Jovens numa encruzilhada
"Embati directamente na realidade", afirma a autora. "Dei de caras com ela e percebi que não estou sozinha, pelo contrário. Tenho muita gente à minha volta que está em situações iguais ou piores. Mas por outro lado pensei: é gente cheia de valor que está a tentar encontrar uma solução numa encruzilhada perante a qual muitos baixariam os braços".
A proposta da escrita do livro foi, curiosamente, feita no dia 12 de Março, o dia da manifestação "à rasca", pelo repórter e jornalista José Vegar. O prefácio, da autoria do repórter, faz-se logo notar: as palavras "eles" e "nós" estão destacadas a negrito, ao longo de todo o texto.
Trata-se de uma chamada de atenção que passa a mensagem e dispensa explicações. "Eles" são esta nova geração precária que, apesar de qualificada, adia os planos de uma vida independente dos pais para cada vez mais tarde, à espera de uma oportunidade para iniciar carreira profissional.

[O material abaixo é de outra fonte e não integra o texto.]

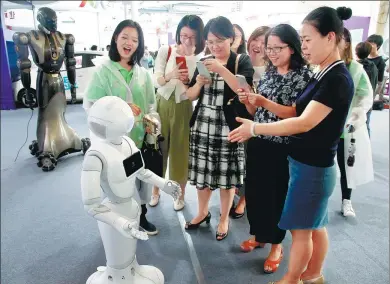  ?? WU KAI / FOR CHINA DAILY ?? A group of women interact with a robot at the National Mass Innovation Entreprene­urship Week, which opened on Friday in Shanghai.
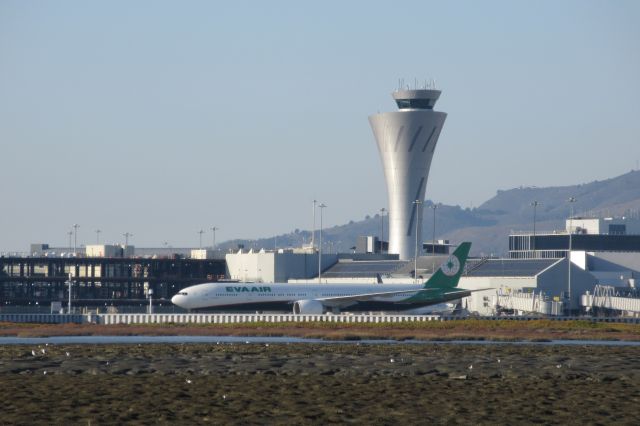 BOEING 777-300 (B-16737) - EVA Air taxiing to gate after landing on runway 28R at SFO.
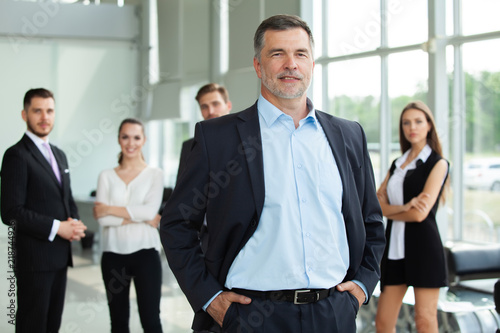 Fotomural Mature smiling business manager crossing his arms in front of his business team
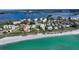 Aerial view of waterfront condos, sandy beach and beautiful ocean, for a luxurious coastal living at 8767 Midnight Pass Rd # 403F, Sarasota, FL 34242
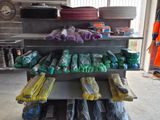 many bags of food on the shelf in the garage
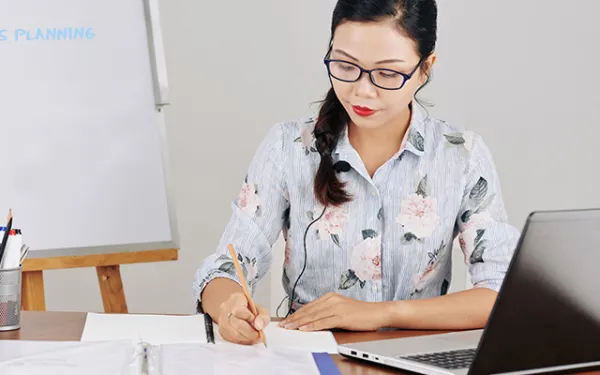 teacher sitting at a desk writing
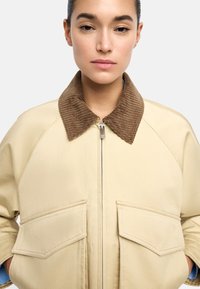 Kobieta w beżowej kurtce z dużymi przednimi kieszeniami i brązowym kołnierzem z kordurowej tkaniny, ręce w kieszeniach, neutralne tło.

É esse ar do tempo que Ana Filipa procura captar e condensar nas páginas do livro. Um excerto: "'Horas livres', um conceito também ele distinto para os muitos jovens que percebem que dificilmente terão um emprego de sonho para a vida e, muito menos, um só emprego que satisfaça os inevitáveis investimentos quotidianos, os pequenos sonhos. Aqueles que, do carrinho de supermercado, passam para o autocarro que pára a uns metros de casa e que, de seguida, são meticulosamente arrumados na prateleira partilhada com alguém que, de idade semelhante, dorme no quarto ao lado ou na cama de cima do beliche do IKEA.”
"À Rasca – Retrato de uma geração" mostra a realidade pura e dura. Os números estão lá e não mentem, muitos deles obtidos através do Instituto Nacional de Estatística. E os testemunhos reais também lá estão. "Trabalhar a recibo verde é mau. Estar desempregado é ainda pior."